CURTAILMENT OF PRIVILEGES

Although Castile was slower than Aragon to receive impulses from abroad, in the early fourteenth century we begin to find traces of a similar movement of the Church against the Jews. In 1307 the aljama of Toledo complained to Fernando IV that the dean and chapter had obtained from Clement V bulls conferring on them jurisdiction over Jews, in virtue of which they were enforcing the canons against usury and stripping the Jewish community of its property. At this time there was no question in Spain, such as we shall see debated hereafter, of the royal prerogative to control obnoxious papal letters, and Fernando at once ordered the chapter to surrender the bulls; all action under them was pronounced void and restitution in double was threatened for all damage inflicted. The Jews, hesaid, were his Jews; they were not to be incapacitated from paying their taxes and the pope had no power to infringe on the rights of the crown. He instructed Ferran Nuñez de Pantoja to compel obedience and, after some offenders had been arrested, the frightened canons surrendered the bulls and abandoned their promising speculation, but the affair left behind it enmities which displayed themselves deplorably afterwards.[283]

In spite of the royal favor and protection, the legislation of the period commences to manifest a tendency to limit the privileges of the Jews, showing that popular sentiment was gradually turning against them. As early as 1286 Sancho IV agreed to deprive them of their special judges and, though the law was not generally enforced, it indicates the spirit that called for it and procured its repetition in the Córtes of Valladolid in 1307.[284]Complaints were loud and numerous of the Jewish tax-gatherers, and the young Fernando IV was obliged repeatedly to promise that the revenues should not be farmed out nor their collection be entrusted to caballeros, ecclesiastics or Jews. The turbulence which attended his minority and short reign and the minority of his son, Alfonso XI, afforded a favorable opportunity for the manifestation of hostility and the royal power was too weak to prevent the curtailment in various directions of the Jewish privileges.[285]We have seen, in the preceding chapter, the temper in which the Spanish prelates returned from the Council of Vienne in 1312 and the proscriptive legislation enacted by them in the Council of Zamora in 1313 and its successors. Everything favored the development of this spirit of intolerance, and at the Córtes of Burgos, in 1315, the regents of the young Alfonso XI conceded that the Clementine canon, abrogating all laws that permitted usury, should be enforced, that all mixed actions, civil and criminal, should be tried by the royal judges, that the evidence of a Jew should not be received against a Christian while that of a Christian was good against a Jew, that Jews were not to assume Christian names, Christian nurses were not to suckle Jews and sumptuary laws were directed against the luxury of Jewish vestments.[286]

This may be said to mark the commencement of the long struggle which, in spite of their wonderful powers of resistance, was to end in the destruction of the Spanish Jews.
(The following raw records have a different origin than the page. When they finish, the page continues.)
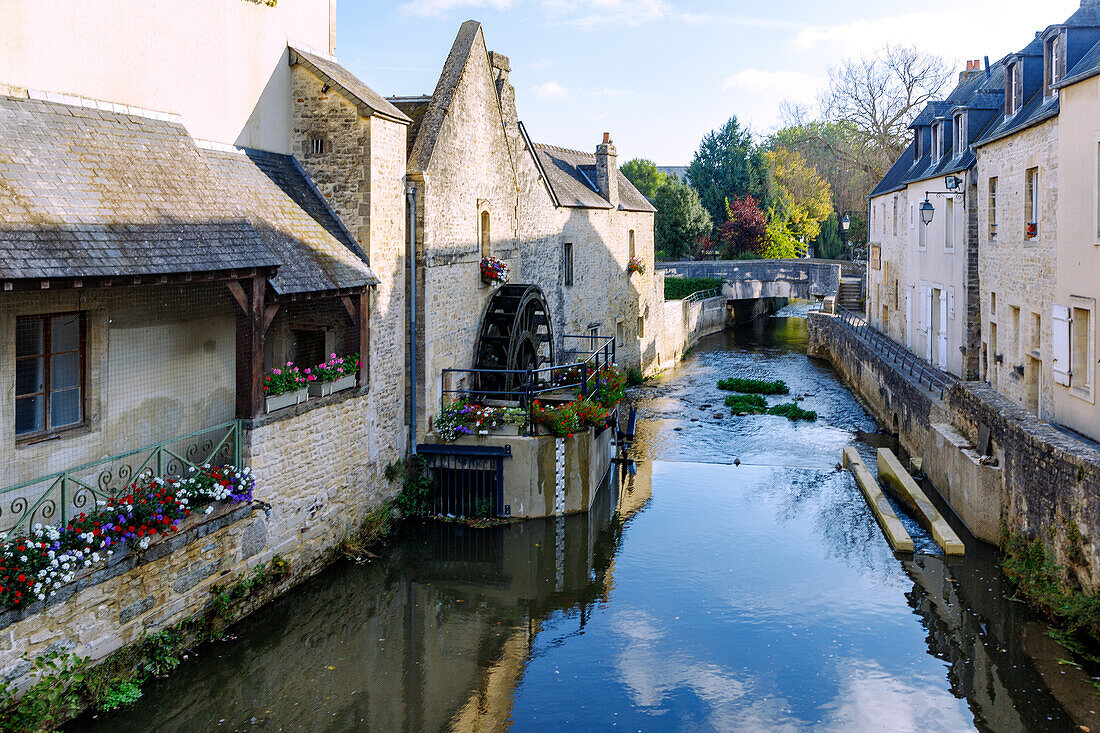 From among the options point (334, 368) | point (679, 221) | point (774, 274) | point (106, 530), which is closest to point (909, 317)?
point (774, 274)

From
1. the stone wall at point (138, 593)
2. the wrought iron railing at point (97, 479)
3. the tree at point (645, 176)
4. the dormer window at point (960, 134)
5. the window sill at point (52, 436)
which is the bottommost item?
the stone wall at point (138, 593)

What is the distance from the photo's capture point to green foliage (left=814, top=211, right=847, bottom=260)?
53344mm

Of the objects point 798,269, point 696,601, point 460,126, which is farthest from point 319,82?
point 798,269

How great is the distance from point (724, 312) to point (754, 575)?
3237cm

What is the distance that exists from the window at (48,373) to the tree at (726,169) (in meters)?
45.5

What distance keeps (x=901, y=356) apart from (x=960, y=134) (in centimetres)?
520

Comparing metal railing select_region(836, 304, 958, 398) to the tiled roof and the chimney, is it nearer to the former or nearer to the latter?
the chimney

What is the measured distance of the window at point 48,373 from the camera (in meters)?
8.00

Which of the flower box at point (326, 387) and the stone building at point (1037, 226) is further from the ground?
the stone building at point (1037, 226)

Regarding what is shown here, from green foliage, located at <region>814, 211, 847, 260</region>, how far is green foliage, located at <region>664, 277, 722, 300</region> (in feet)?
47.7

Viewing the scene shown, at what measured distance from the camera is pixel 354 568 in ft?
37.1

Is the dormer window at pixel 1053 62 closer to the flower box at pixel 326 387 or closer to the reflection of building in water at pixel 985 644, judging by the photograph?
the reflection of building in water at pixel 985 644

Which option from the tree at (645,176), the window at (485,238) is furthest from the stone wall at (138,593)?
the tree at (645,176)

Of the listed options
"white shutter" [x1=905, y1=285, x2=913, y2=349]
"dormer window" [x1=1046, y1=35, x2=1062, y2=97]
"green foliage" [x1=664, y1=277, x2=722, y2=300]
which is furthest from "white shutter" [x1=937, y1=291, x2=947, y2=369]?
"green foliage" [x1=664, y1=277, x2=722, y2=300] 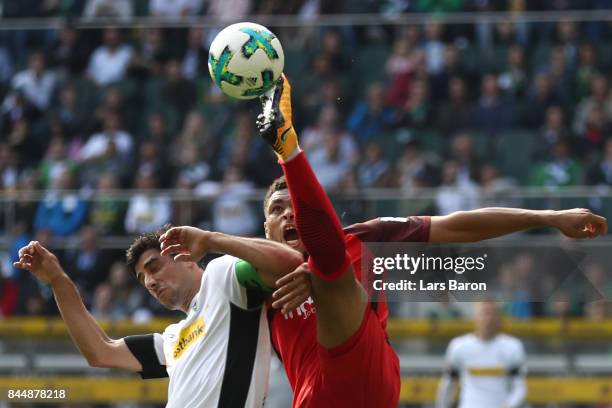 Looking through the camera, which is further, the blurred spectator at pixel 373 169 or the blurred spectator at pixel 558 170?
the blurred spectator at pixel 558 170

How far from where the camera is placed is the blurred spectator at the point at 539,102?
1348 cm

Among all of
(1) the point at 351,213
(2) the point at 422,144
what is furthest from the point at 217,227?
(2) the point at 422,144

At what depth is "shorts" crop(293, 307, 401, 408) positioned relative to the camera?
5340 mm

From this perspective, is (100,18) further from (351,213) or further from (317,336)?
(317,336)

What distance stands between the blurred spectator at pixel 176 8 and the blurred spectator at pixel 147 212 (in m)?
3.74

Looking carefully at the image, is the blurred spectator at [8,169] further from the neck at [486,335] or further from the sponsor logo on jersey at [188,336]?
the sponsor logo on jersey at [188,336]

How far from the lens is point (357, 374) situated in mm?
5367

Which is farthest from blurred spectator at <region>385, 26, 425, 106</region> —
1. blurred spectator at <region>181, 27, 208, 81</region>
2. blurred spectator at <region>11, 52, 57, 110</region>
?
blurred spectator at <region>11, 52, 57, 110</region>

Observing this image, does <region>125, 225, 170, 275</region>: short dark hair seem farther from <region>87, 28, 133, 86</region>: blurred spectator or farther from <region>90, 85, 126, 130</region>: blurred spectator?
<region>87, 28, 133, 86</region>: blurred spectator

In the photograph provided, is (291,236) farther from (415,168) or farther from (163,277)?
(415,168)

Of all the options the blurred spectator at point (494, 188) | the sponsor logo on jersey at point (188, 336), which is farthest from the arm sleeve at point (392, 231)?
the blurred spectator at point (494, 188)

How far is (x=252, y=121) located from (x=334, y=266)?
8.35 m

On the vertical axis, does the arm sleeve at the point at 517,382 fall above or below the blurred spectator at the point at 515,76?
below

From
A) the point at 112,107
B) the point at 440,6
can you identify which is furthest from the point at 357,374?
the point at 440,6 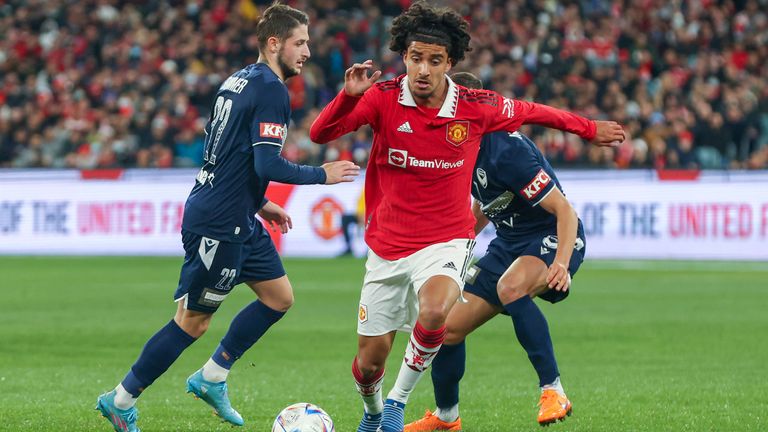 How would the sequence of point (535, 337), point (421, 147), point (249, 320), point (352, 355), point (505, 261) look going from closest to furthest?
point (421, 147) < point (535, 337) < point (249, 320) < point (505, 261) < point (352, 355)

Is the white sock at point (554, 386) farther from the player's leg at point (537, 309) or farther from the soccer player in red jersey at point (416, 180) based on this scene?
the soccer player in red jersey at point (416, 180)

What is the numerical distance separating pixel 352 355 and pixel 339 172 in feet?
14.6

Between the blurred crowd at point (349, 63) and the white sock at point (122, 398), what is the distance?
52.6ft

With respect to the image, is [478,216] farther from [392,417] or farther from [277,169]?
[277,169]

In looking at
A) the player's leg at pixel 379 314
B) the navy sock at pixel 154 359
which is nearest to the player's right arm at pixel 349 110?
the player's leg at pixel 379 314

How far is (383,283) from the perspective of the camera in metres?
6.91

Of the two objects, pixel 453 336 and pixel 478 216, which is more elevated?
pixel 478 216

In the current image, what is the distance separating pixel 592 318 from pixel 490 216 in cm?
629

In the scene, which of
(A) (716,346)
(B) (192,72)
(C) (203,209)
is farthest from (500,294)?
(B) (192,72)

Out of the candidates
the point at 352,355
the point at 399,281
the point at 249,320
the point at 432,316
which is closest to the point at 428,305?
the point at 432,316

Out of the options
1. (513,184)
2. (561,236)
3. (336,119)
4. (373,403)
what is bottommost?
(373,403)

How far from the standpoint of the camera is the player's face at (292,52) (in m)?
7.05

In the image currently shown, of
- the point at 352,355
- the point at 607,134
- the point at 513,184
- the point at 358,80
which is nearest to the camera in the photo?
the point at 358,80

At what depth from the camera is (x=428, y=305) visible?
6.68 m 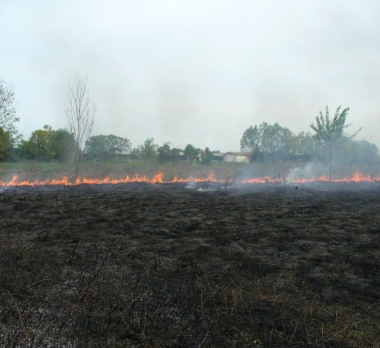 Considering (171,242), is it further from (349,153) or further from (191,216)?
(349,153)

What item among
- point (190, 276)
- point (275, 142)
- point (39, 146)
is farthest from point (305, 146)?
point (39, 146)

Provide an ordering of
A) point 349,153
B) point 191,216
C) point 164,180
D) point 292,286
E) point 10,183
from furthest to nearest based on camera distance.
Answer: point 349,153, point 164,180, point 10,183, point 191,216, point 292,286

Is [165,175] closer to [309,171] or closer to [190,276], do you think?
[309,171]

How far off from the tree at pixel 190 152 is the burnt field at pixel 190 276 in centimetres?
4028

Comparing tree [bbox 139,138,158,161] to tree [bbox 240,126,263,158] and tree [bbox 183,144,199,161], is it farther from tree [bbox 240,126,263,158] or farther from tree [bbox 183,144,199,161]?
tree [bbox 240,126,263,158]

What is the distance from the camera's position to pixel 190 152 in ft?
170

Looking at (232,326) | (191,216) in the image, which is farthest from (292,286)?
→ (191,216)

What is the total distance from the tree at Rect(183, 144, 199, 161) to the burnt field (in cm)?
4028

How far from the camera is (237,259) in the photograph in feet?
17.6

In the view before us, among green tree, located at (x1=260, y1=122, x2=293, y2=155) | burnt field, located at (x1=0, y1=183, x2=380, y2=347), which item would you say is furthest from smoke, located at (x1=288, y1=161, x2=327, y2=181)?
burnt field, located at (x1=0, y1=183, x2=380, y2=347)

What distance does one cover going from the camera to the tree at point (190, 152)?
5144 cm

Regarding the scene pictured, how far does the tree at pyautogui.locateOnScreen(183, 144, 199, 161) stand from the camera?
51438mm

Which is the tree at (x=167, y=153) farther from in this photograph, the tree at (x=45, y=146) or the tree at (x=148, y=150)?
the tree at (x=45, y=146)

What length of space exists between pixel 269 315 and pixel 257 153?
36549 mm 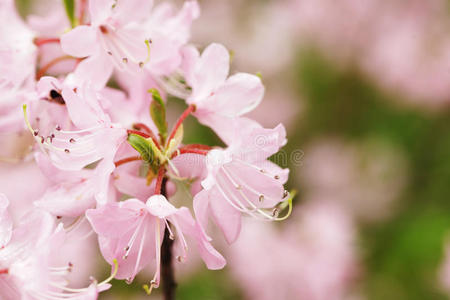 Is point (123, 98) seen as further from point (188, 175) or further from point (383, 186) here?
point (383, 186)

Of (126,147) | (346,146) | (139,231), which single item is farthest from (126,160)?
(346,146)

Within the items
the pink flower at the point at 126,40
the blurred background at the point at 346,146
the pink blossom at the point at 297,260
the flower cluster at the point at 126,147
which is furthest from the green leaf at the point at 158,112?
the pink blossom at the point at 297,260

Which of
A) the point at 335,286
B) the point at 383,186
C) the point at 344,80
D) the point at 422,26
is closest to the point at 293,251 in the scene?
the point at 335,286

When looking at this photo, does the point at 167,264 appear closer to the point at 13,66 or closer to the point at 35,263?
the point at 35,263

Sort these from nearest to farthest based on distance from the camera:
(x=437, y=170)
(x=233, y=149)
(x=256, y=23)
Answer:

Throughout the varying phases of the conflict, the Church, in its efforts to arouse popular hatred, was powerfully aided by the odium which the Jews themselves excited through their ostentation, their usury and their functions as public officials.

A strong race is not apt to be an amiable one. The Jews were proud of their ancient lineage and the purity of their descent from the kings and heroes of the Old Testament. A man who could trace his ancestry to David would look with infinite scorn on the hidalgos who boasted of the blood of Lain Calvo and, if the favor of the monarch rendered safe the expression of his feelings, his haughtiness was not apt to win friends among those who repaid his contempt with interest. The Oriental fondness for display was a grievous offence among the people. The wealth of the kingdom was, to a great extent, in Jewish hands, affording ample opportunity of contrast between their magnificence and the poverty of the Christian multitude, and the lavish extravagance with which they adorned themselves, their women and their retainers, was well fitted to excite envy more potent for evil because more wide-spread than enmity arising from individual wrongs.[287]Shortly before the catastrophe, at the close of the fifteenth century, Affonso V of Portugal, who was well-affected towards them, asked the chief rabbi, Joseph-Ibn-Jachia, why he did not prevent his people from a display provocative of the assertion that their wealth was derived from robbery of the Christians, adding that he required no answer, for nothing save spoliation and massacre would cure them of it.[288]

CAUSES OF ENMITY

A more practical and far-reaching cause of enmity was the usury, through which a great portion of their wealth was acquired. The money-lender has everywhere been an unpopular character and, in the Middle Ages, he was especially so. When the Church pronounced any interest or any advantage, direct or indirect, derived from loans to be a sin for which the sinner could not be admitted to penance without making restitution; when the justification of taking interest was regarded as a heresy to be punished as such by the Inquisition, a stigma was placed on the money-lender, his gains were rendered hazardous, andhis calling became one which an honorable Christian could not follow.[289]Mercantile Italy early outgrew these dogmas which retarded so greatly all material development and it managed to reconcile,per fas et nefas, the canons with the practical necessities of business, but elsewhere throughout Europe, wherever Jews were allowed to exist, the lending of money or goods on interest inevitably fell, for the most part, into their hands, for they were governed by their own moral code and were not subject to the Church. It exhausted all devices to coerce them through their rulers, but the object aimed at was too incompatible with the necessities of advancing civilization to have any influence save the indefinite postponement of relief to the borrower.[290]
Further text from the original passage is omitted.